Après plusieurs mois de travail en liaison avec ma commission, le schéma régional de l’enseignement supérieur et de la recherche préparé par le Vice-Président Yannick Neuder a été adopté à une large majorité lors de la session du 9 février 2017 du Conseil régional.

La Région fait le choix d’intervenir en matière d’enseignement supérieur et de recherche. Clairement, il s’agit de miser sur la connaissance, l’innovation et la formation des jeunes pour assurer leur insertion professionnelle. Ce schéma sera notre feuille de route pour cette politique pour les cinq prochaines années. Ci-dessous, la vidéo et le texte de mon intervention lors de l’adoption du schéma.

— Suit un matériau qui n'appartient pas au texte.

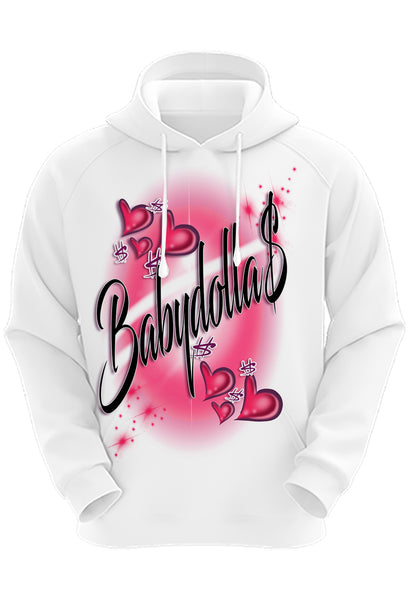 A022 Digitally Airbrush Painted Personalized Custom Hearts Name Design  Adult and Kids Hoodie Sweatshirt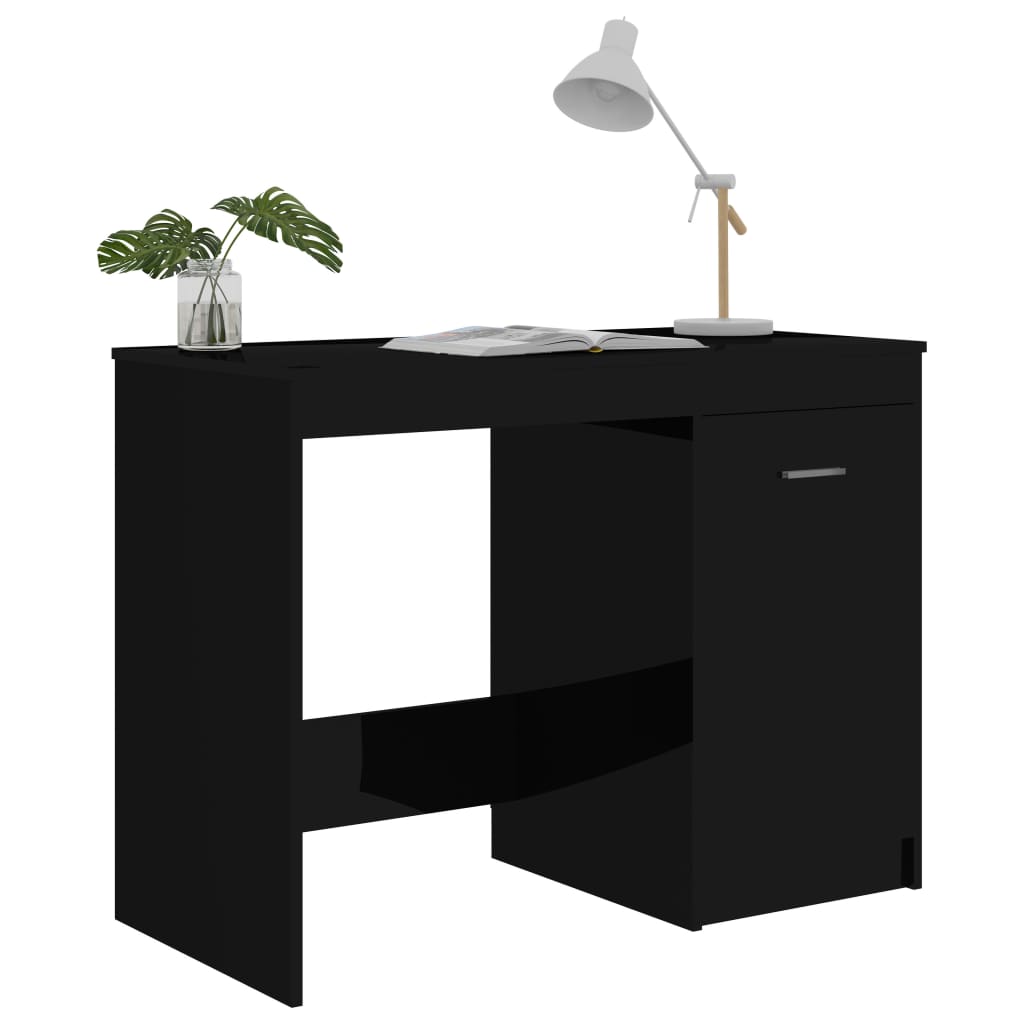 vidaXL Desk High Gloss Black 100x50x76 cm Engineered Wood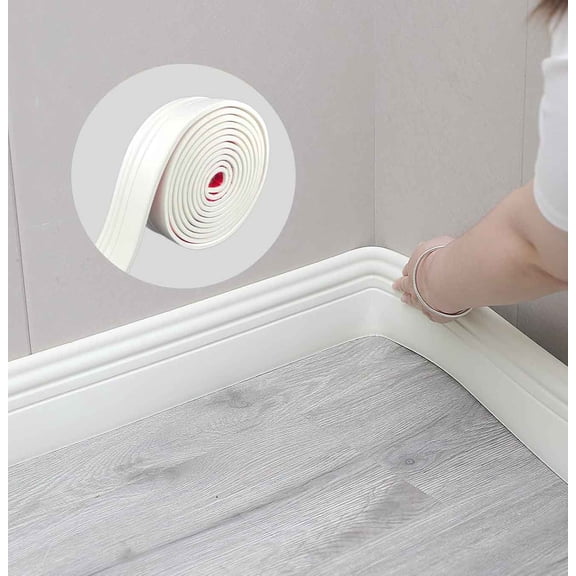 Flexible Baseboard Molding Trim, Peel and Stick Rubber Wall Base Moulding Trim, Self-Adhesive Vinyl Wall Base Cove Base (Creamy White)
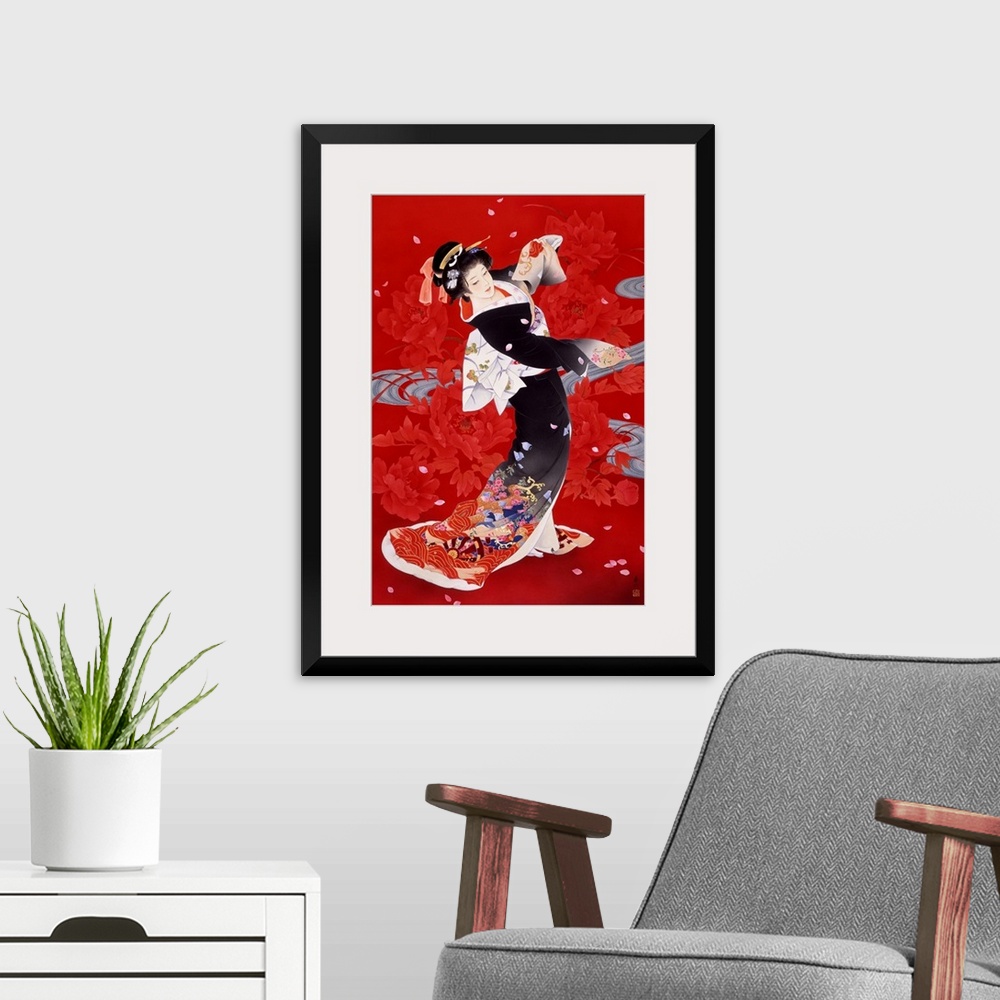 A modern room featuring Contemporary colorful Asian art of a Geisha in beautiful ornate clothing.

AP 9 février 2017 ● Intervention de Pierre… par elus_lr_dvd_sc

“Monsieur le Président,
Monsieur le vice-président Yannick NEUDER,
Chers collègues,

Trop longtemps, l’enseignement supérieur et la recherche ont été volontairement éloignés du monde de l’entreprise et de l’économie, le plus souvent pour des raisons purement idéologiques. Il est temps de rattraper le retard pris en la matière, pour répondre au mieux aux problématiques qui, aujourd’hui, se posent à nos universités, aux enseignants, aux chercheurs, et bien sûr aux étudiants.

La première problématique, et c’est celle qui est la priorité de notre majorité depuis le début du mandat, c’est l’emploi.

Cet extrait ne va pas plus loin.